Nature takes on the role of beauty in the poems:

call on nature trees maple and oak.
I go to the window
Where the laws of nature
Are sometimes writ
On leaves like love letters
Floating up, star-deep
Into all black holes


Nature takes on an aura of goodness that counters grief. Both nature and art add to the experience of life and give it meaning.

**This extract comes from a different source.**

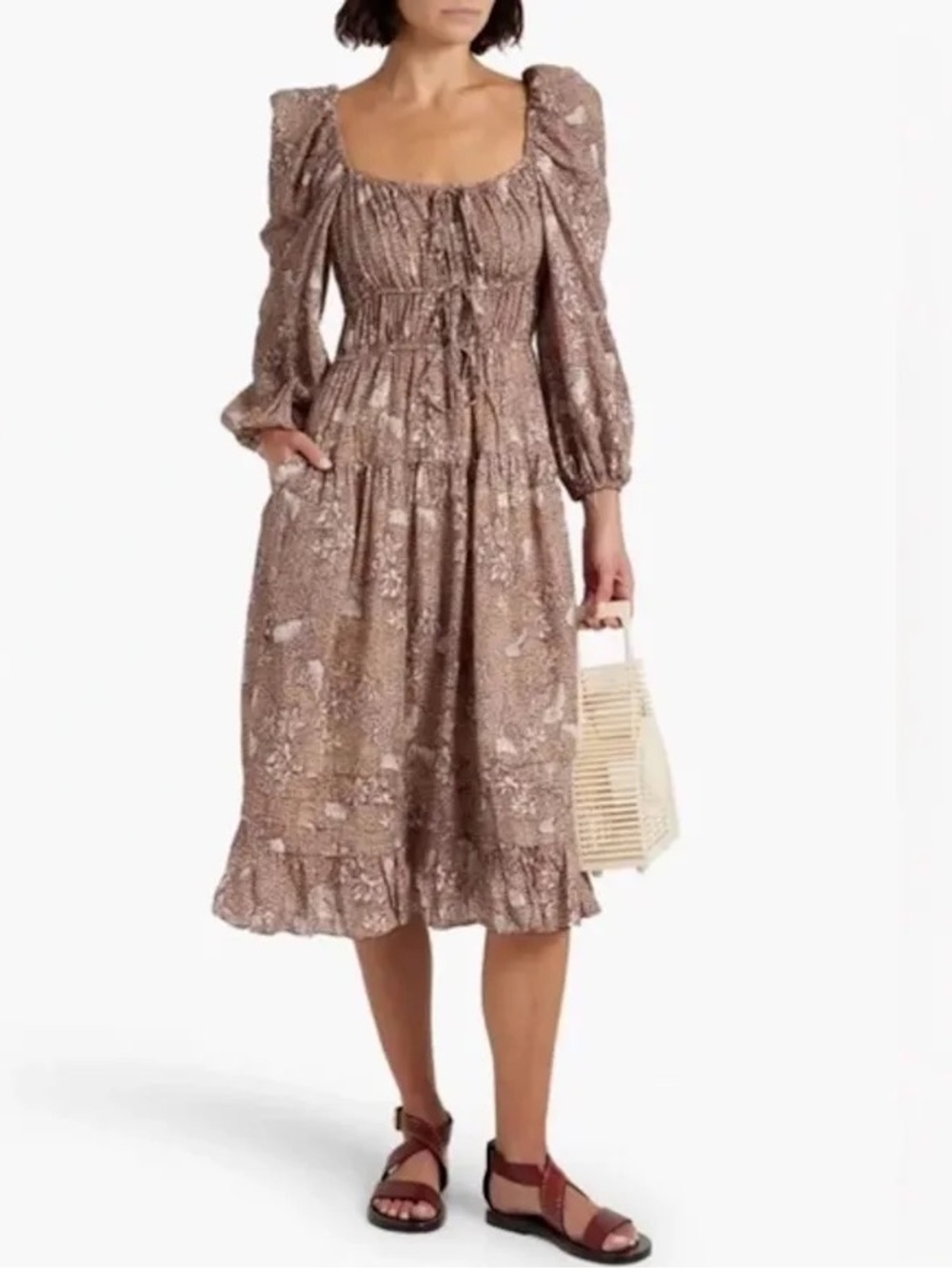 ULLA JOHNSON Isla Pleated Dress in Sandalwood Size 2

Not all departing is yearning. As the reader continues, one sees the dual source of grief. His father is gone. The poet himself is childless and divorced. The sense of loneliness runs deep much like the earlier mentioned black hole. He also recognizes that the loss of his father is also a call to his own mortality. His discussions move from jeans and soda to:

our eyes still function
with prescription. But clearness of purpose is no guarantee of coming to
any surface.

Transitions in life bring the realization that grief is part of life. Salerno, also, reminds us that grief is the opposite of amnesia. Remembering is part of life. It’s what we remember of the person. The possessions left behind mean little (even if they are little) compared to the life and the hole that exists afterward. Salerno shows that grief is more than depression. It can be a learning and growing experience. It is part of the cycle of life and something we can grow from. A moving and memorable collection of poems dealing with grief, getting older, and still, somehow seeing the pureness of nature.